Another 3-litre car I took the opportunity of driving was a V6 Ford engined Marcos. Strange how popular the 3-litre capacity has always been; what a pity “Baladeur” is no longer writings for Motor Sport, for I feel he could produce a most interesting reason for this. [They are no longer “80-bore,” however.—Ed.] Think of the 3-litre Ballot, the 3-litre Bentley, the 3-litre Sunbeam, the 3-litre Lagonda, the 3-litre Invicta, the 3-litre Maserati, the 3-litre Mercedes-Benz SLR, the present 3-litre Grand Prix Formula, and all the 3-litre Prototype cars. It has always been a good round capacity figure. While trying the 3-litre V6 Ford-engined Marcos (of which more next month) I went up to Norfolk to visit Lotus, and did mention the idea of a 3-litre Lotus Europa, but there is nothing doing. Colin Chapman’s Lotus Empire on his own private aerodrome really is rather splendid, and well worth a visit; they are completely self-contained with their own runways and an L-shaped test track using the runways and the perimeter track. The whole factory exudes youth and vitality and a motoring atmosphere that I have never been conscious of in our Motoring Midlands, where the heart of the industry used to be. The black tyre marks away from the main gate of the factory occasions no surprise; they are those sort of people up in Lotus Land.

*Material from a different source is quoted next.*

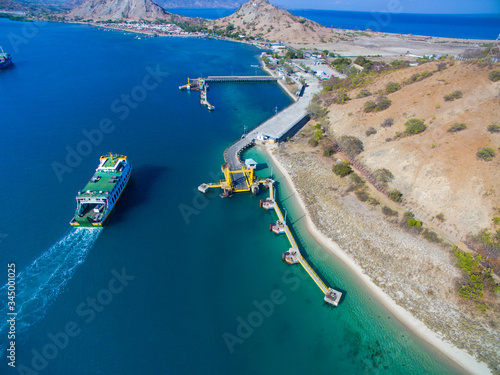 Sumbawa Indonesia June 1, 2020 : Aerial Harbor Indonesia in Pototano Sumbawa, Port for departure from Lombok kayangan to Sumbawa island photo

It would have been nice to be able to say that I finished up my “holiday weekend” with a ride on a 3-litre motorcycle! What I tried to do was to borrow a 3-cylinder motorcycle from Triumph, but somebody “threw it up the road” before I could get my hands on it, so I had to borrow an awful old-fashioned vertical-twin B.S.A. Lightning, brand new in build but so dated in conception and completely lacking in character. I wonder what happened to all the good motorcycle designers?—D. S. J.